Friday, October 9, 2015 - 9:00am to Saturday, October 10, 2015 - 5:00pm
SEEPAC will be hosting a two day workshop October 9-10 on Advances in the Economics of Climate Change. Attendance is by invitation only.
Objectives: The purpose of the workshop is to identify and advance empirical and theoretical economic methods for analyzing climate change policy. The emphasis is on identifying (a) inadequacies in current methods and (b) identifying promising advances that are both significant and non-marginal. The ultimate goal is to advance the state-of-the-art of applied models and methods for analyzing climate policy.

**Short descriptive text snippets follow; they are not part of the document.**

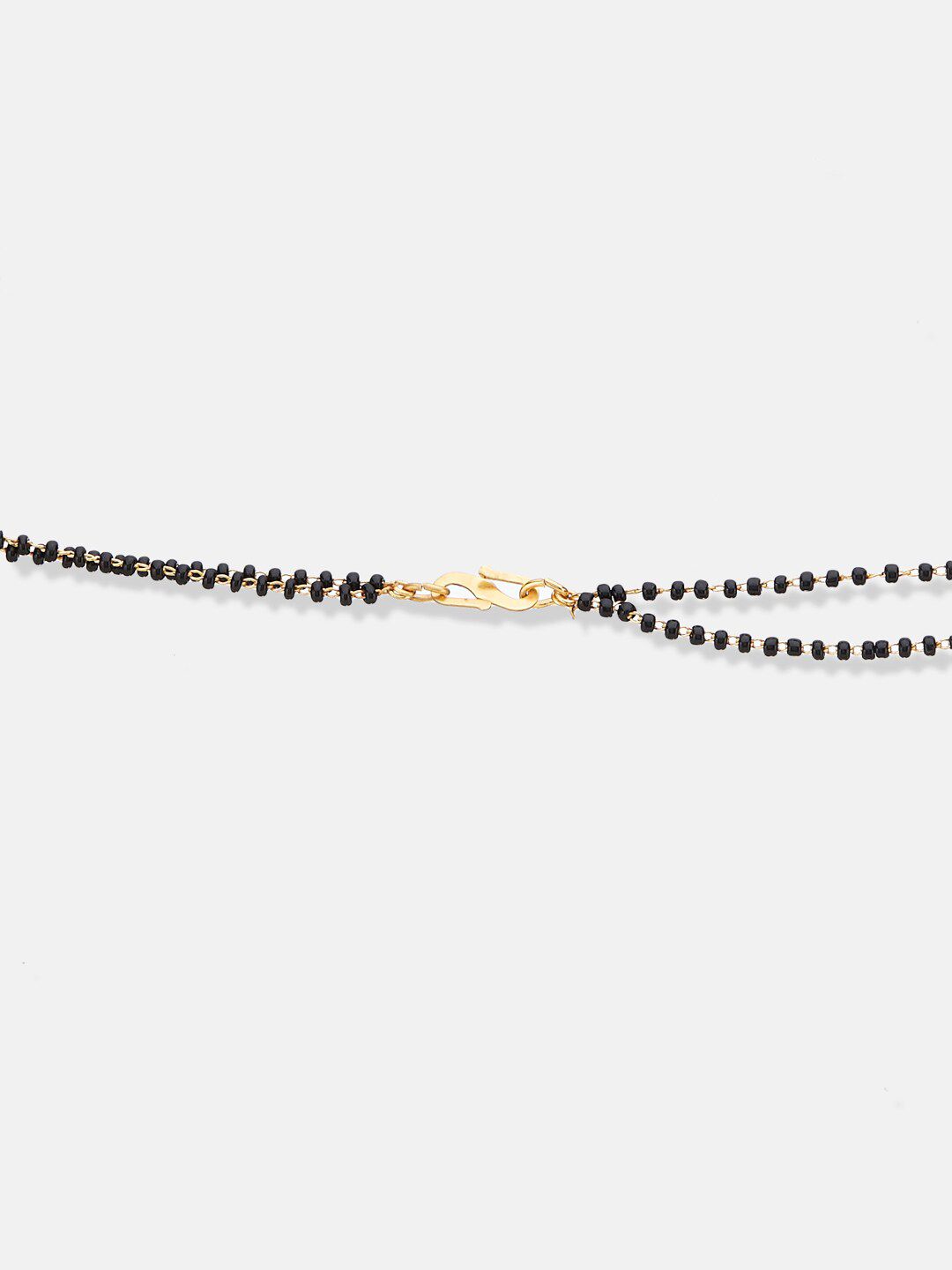 ATIBELLE Gold-Plated Stones-Studded & Beaded Peacock Shaped Mangalsutra With Earrings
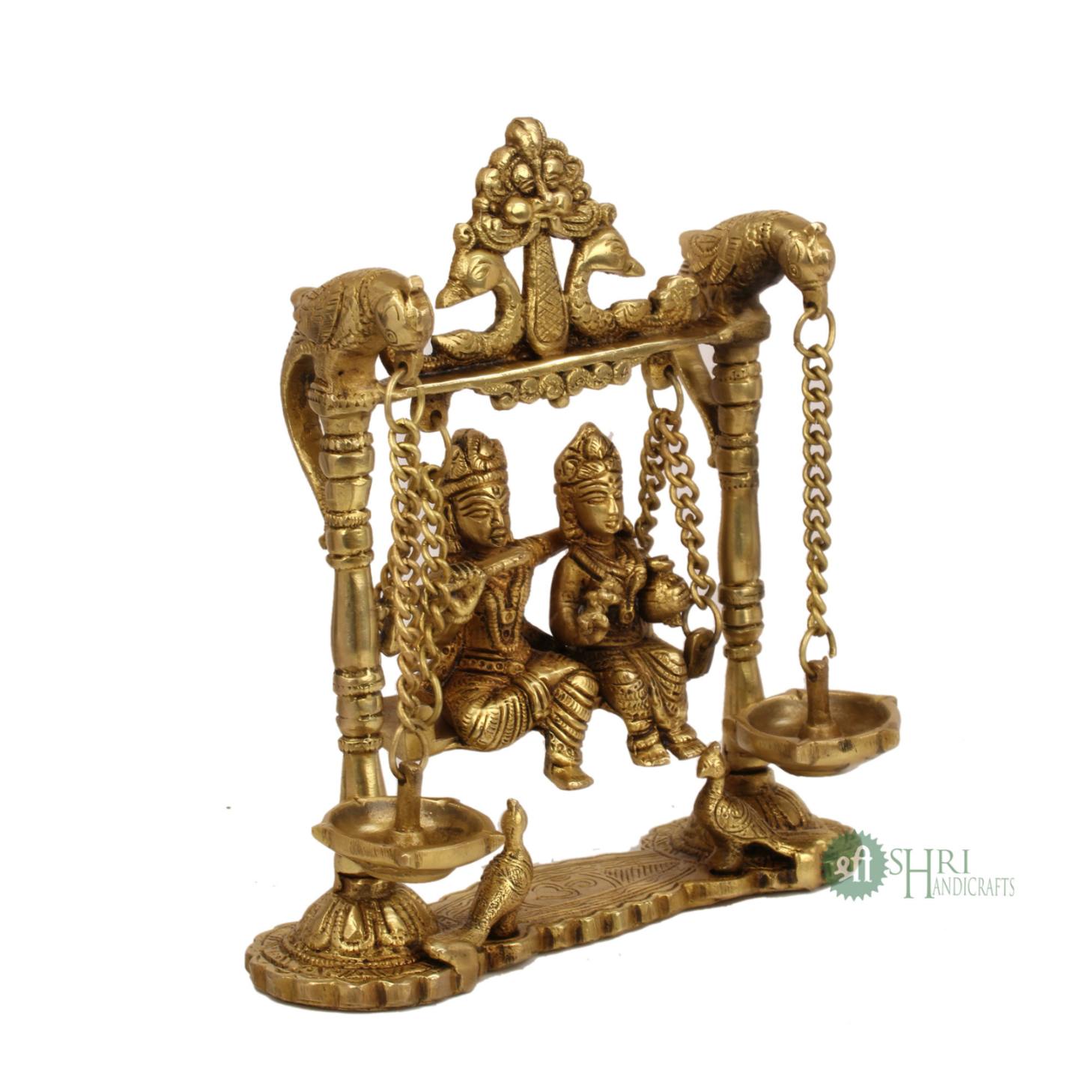 BRX-135-9 (9" BRASS JHULA RADHA KRISHNA WITH DEEPAK BRX)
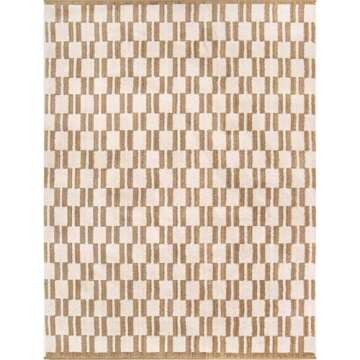 Jenni Yolo Home Hilda Area Rug - 5'3" x 7' Tan Rectangle, Modern Geometric Blocks, Stain-Resistant, Non-Shedding, Easy to Clean, Soft, Durable Rug for Living Room, Bedroom, or Indoor Home Decor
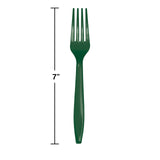 Trendware Hunter Green Plastic Forks, 72 Count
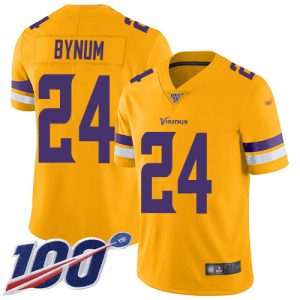 cheap Vikings #24 Camryn Bynum Gold Men's Stitched NFL Limited Inverted Legend 100th Season Jersey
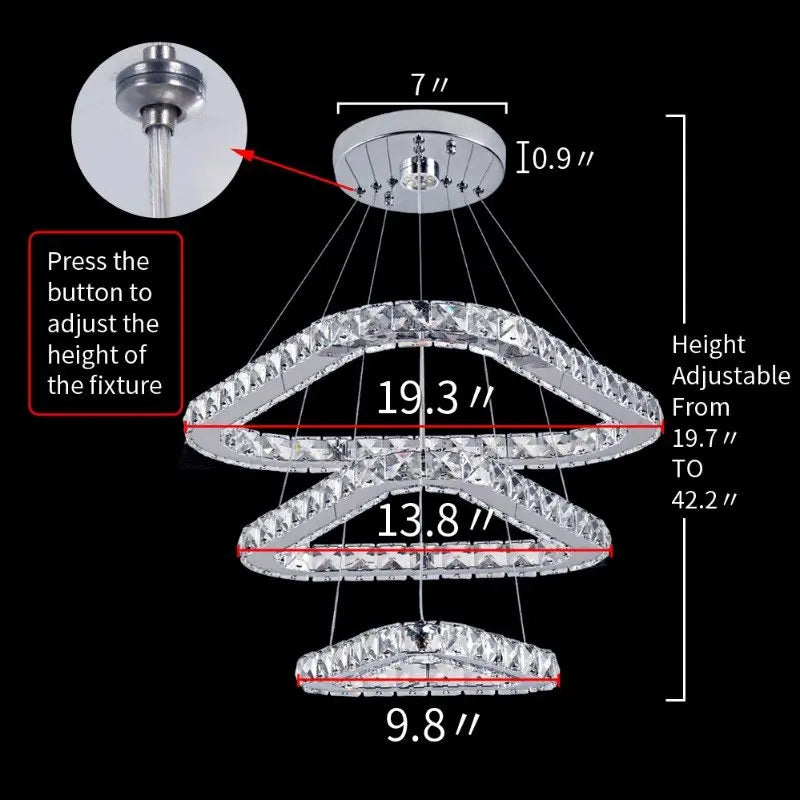 DecorBites™ Crystal LED Pendant Chandelier, Modern Nordic Ceiling Lamp for Living and Dining Room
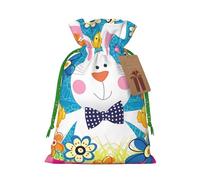 S Sacs de Noël avec cordon de serrage - Printemps Happy Easter Holiday Print Christmas Party Pochettes de vacances pour mariages, anniversaires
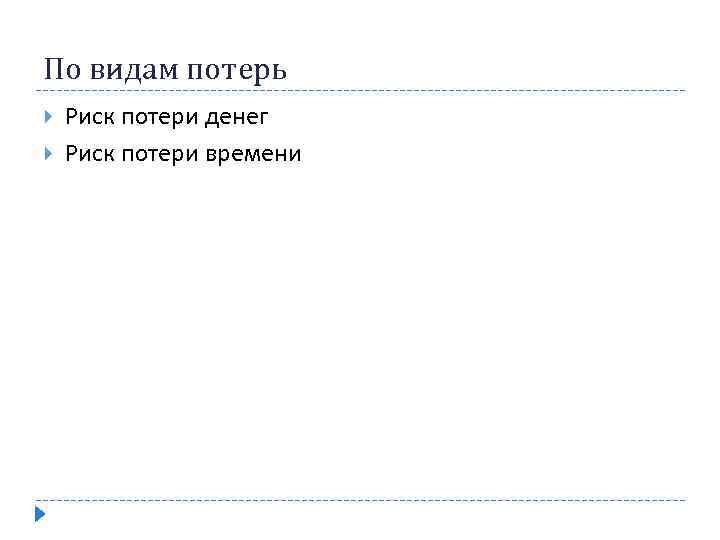 По видам потерь Риск потери денег Риск потери времени 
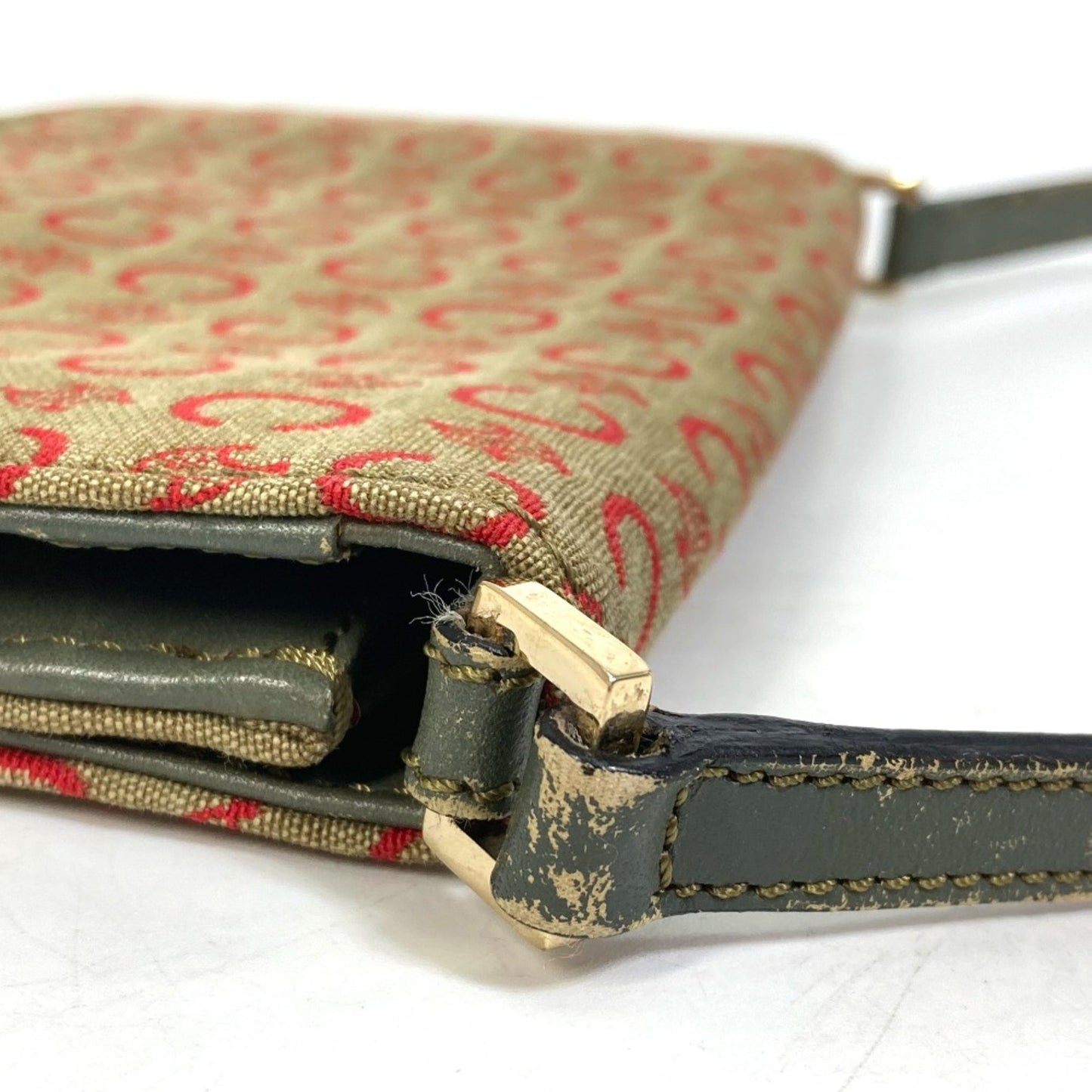 Celine Cmacadam Bag Mini Hand Bag Accessory Pouch Khaki X Red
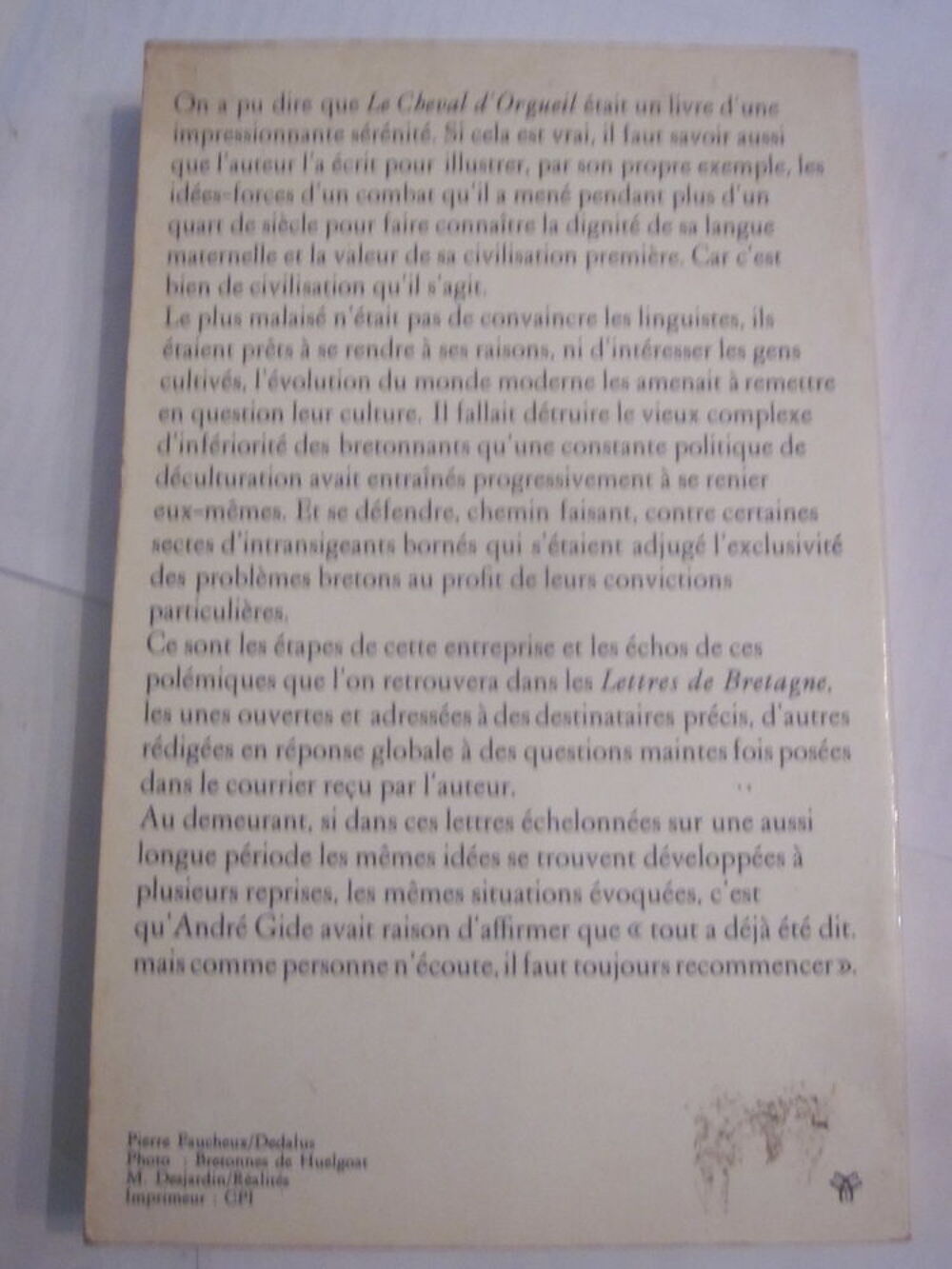 LETTRES DE BRETAGNE par PIERRE JAKEZ HELIAS Livres et BD
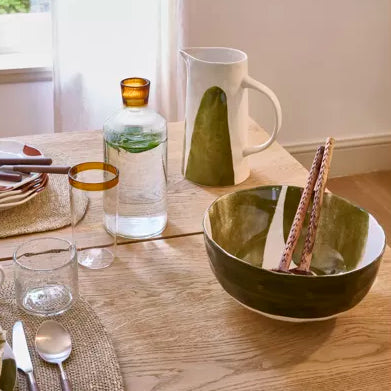 Bol et saladier porcelaine vert Labo POM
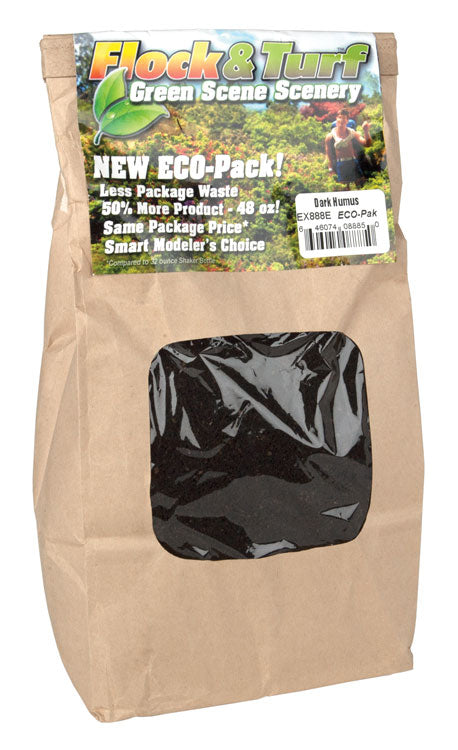 Flock & Turf Ground Cover ECO Pack Bag -- Dark Humus Blend 48oz  1.4l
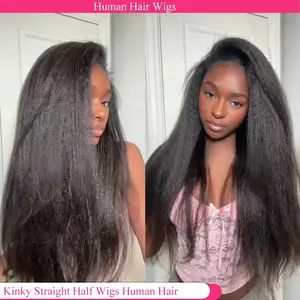 [3 IN 1 Half Wig] MYLOCKME Kinky Straight Half Wig Human Hair Glueless 3 IN 1 Half Wig With Drawstring Seamless Clip Ins Flip Over Half Wig Full Machine Made Wig For Women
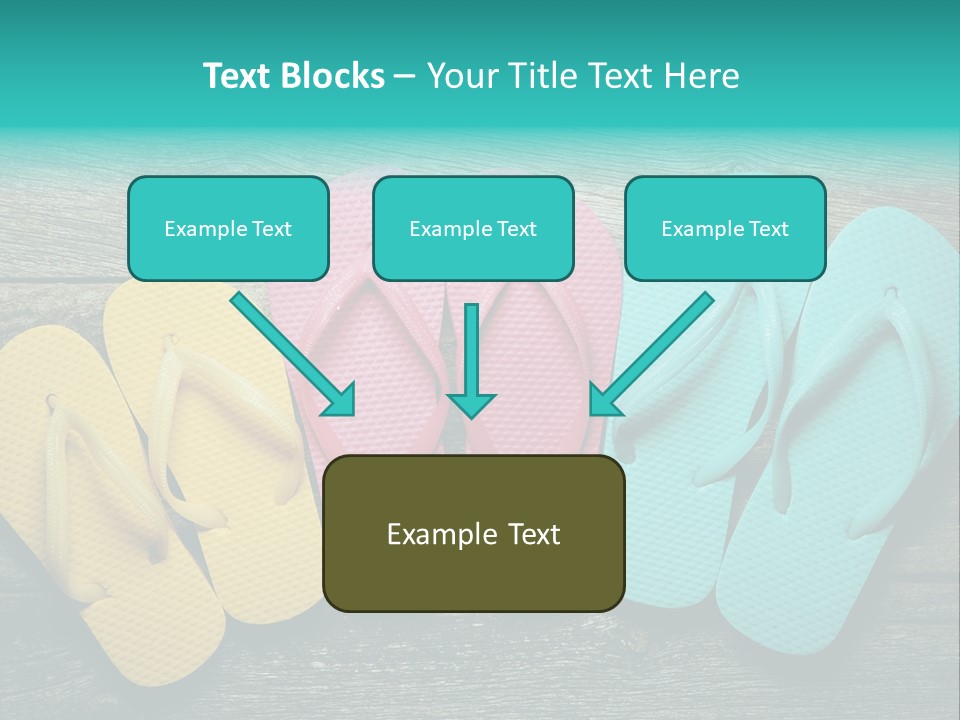 A Row Of Flip Flops Sitting On Top Of A Wooden Floor PowerPoint Template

Motivation: A number of recent publications have suggested the importance of economics to formulating climate policy while underscoring the inadequacy of current knowledge on the economics of climate change. See for instance the September 2013 forum in the Journal of Economic Literature as well as the recent (April 2014) IPCC assessment on the economics of climate change (Chapter 3, WGIII, AR5). This in turn reduces the utility and reliability of integrated assessment models used for policy formation. Although the state of knowledge may be inadequate, there are many promising new research directions being pursued by a variety of economics researchers around the world. It is time to take stock of where we stand and what can be done to advance the state of knowledge in this important area.
Call for papers: here (deadline May 1, 2015)
Organizers: Profs. Marshall Burke and Charles Kolstad
This looks too interesting for me to be a participant, but I'm reposting as a PSA.